I know the new chief. He is taxpayer-focused and a community policework advocate. We've lived through the Winston Churchills and bad chiefs in the past...let's give this guy a chance.

I don't know about Straub. Honestly, I don't understand why we have a Public Safety Director. Every division he oversees has a chief...why can't those chiefs report directly to the mayor? His salary, benefits, secretary, car, etc., are almost 200 larg.e In tough budget times, I can't support that expenditure. If Ballard weighed in regularly with those division chiefs he might get info without a filter.

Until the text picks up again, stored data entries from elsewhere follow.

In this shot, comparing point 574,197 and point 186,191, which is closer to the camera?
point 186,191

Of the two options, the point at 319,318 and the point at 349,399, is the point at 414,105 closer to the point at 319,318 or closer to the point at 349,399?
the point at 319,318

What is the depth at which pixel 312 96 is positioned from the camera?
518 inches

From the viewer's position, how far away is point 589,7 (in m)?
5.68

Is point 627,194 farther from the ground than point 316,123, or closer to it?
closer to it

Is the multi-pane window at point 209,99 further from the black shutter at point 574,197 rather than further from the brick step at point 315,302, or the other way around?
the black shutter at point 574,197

Lastly, regarding Ballard: he won a close race because Democrats were not universally on-board with the Peterson program. There was no sense of urgency for his third term, and he lost. Ballard didn't win. This city doesn't elect Republicans city-wide, absent a Brizzi-type media blitz. The base Democratic vote is almost 60% now.

And with almost every serious challenge he's faced, I come back with a couple of take-aways regarding our mayor:

He obviously likes the perks, and he's clueless.

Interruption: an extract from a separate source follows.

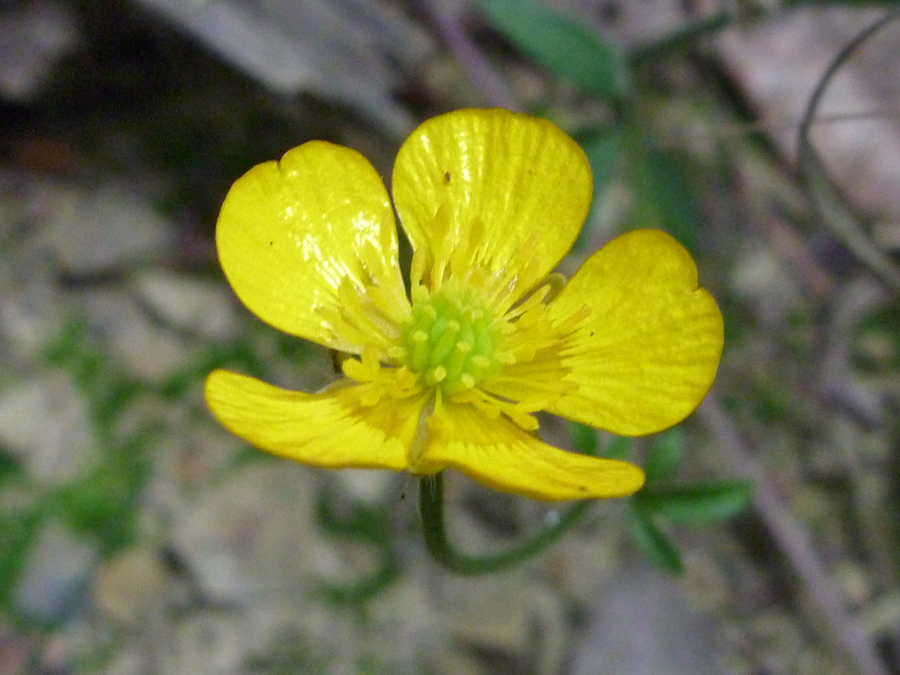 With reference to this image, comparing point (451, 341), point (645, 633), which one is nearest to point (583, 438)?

Gone in 18 months. No doubt.

In the meantime, IMPD needs our help, our prayers and our support, but it shouldn't be blind support. Councillors like Vaughan and Hunter do too, but I hope they dial in the other side of the aisle and somehow, can we please keep the IMPD issue focused on the facts?

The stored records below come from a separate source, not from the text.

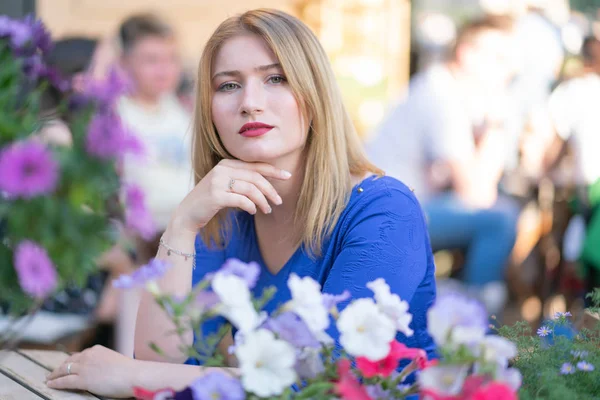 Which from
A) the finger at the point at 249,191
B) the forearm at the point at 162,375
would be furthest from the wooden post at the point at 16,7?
the forearm at the point at 162,375

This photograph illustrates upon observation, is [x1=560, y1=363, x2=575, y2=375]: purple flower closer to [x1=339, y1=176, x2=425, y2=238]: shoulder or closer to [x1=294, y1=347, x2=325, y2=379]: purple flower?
[x1=294, y1=347, x2=325, y2=379]: purple flower

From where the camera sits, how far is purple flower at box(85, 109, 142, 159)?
99 cm

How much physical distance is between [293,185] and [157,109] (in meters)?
2.00

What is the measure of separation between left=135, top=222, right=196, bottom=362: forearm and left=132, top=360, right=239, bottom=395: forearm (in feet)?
0.74

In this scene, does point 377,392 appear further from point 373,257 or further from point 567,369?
point 373,257

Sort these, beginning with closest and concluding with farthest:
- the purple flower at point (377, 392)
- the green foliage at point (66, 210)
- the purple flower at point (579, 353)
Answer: the purple flower at point (377, 392)
the green foliage at point (66, 210)
the purple flower at point (579, 353)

Bravo, also, to Methodist Revs. Harrison and Hamilton, who were called in yesterday to counsel with Ballard & Co. Those ministers havhe both earned their activist stripes, and they're quiet, effective SoulMen.
May their tribe multiply.

2010-08-27 08:41:45

CrossedWires [unverified] said:

Police cover up? - throw away gun? Flash back to 1987 and the Michael Taylor death. Rumor on the street at the time was that the gun used was a throw away gun, and the reason was that Mr. Taylor was known to frequent gay bars at the time, which had more of a stigma with the police then, than they do now. Told to me by officers that worked out at the Natatorium.

2010-08-27 08:45:46

Marycatherine Barton [unverified] said:

The remarkable Frank Serpico (who coined the word 'lamplighters', signifying Paul Revere's populist patriotism, to replace the word 'whistleblowers'} went as far in his testimony before the Knapp Commission, to say that his fellow police officers with college degrees, felt more entitled to engaging in corrupt activities, for their own benefit. He is now retired, and Frank
Serpico.com is inspiring, as are his scary book and movie, SERPICO.

Thanks for sharing what you have learned, and your indignation, Ruth. Christless, indeed. I have always called for the formation of an independent Citizen Review Board, with full investigatory tools, including subpoenas, and enforcement powers, over the police in the matter of police brutality complaints.

All the comments were also helpful. Have a great Sunday.

2010-08-29 15:55:58

Bill [unverified] said:

Re: Michael Taylor,whatever became of officer Charles F. Penniston? Is he still with the department?